> [Assignment]:
From the records below, transcribe exactly the lines that begin at the line with "Cubist Cat MagSafe" and end at the line with "Retractable Awning Blue", both included.

> [Given data]:
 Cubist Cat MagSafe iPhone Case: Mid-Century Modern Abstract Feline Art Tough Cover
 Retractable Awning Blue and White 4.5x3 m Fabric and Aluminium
* * *
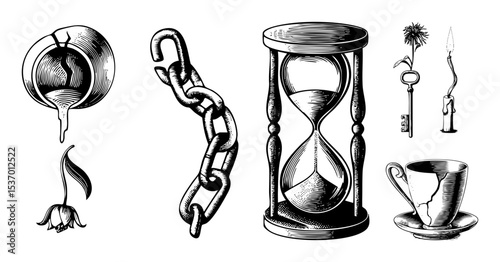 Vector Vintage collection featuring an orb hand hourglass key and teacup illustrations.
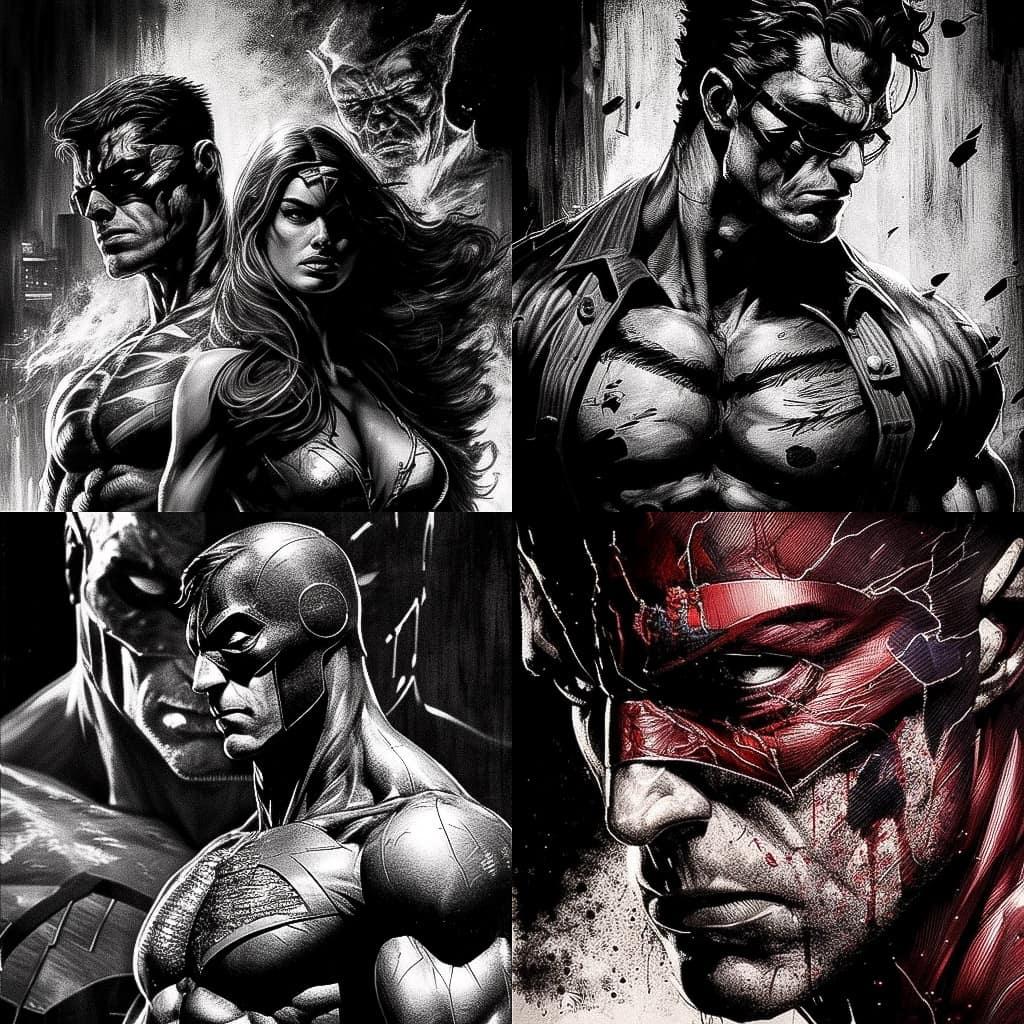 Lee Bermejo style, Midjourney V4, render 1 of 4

> [Response]:
 Cubist Cat MagSafe iPhone Case: Mid-Century Modern Abstract Feline Art Tough Cover
 Retractable Awning Blue and White 4.5x3 m Fabric and Aluminium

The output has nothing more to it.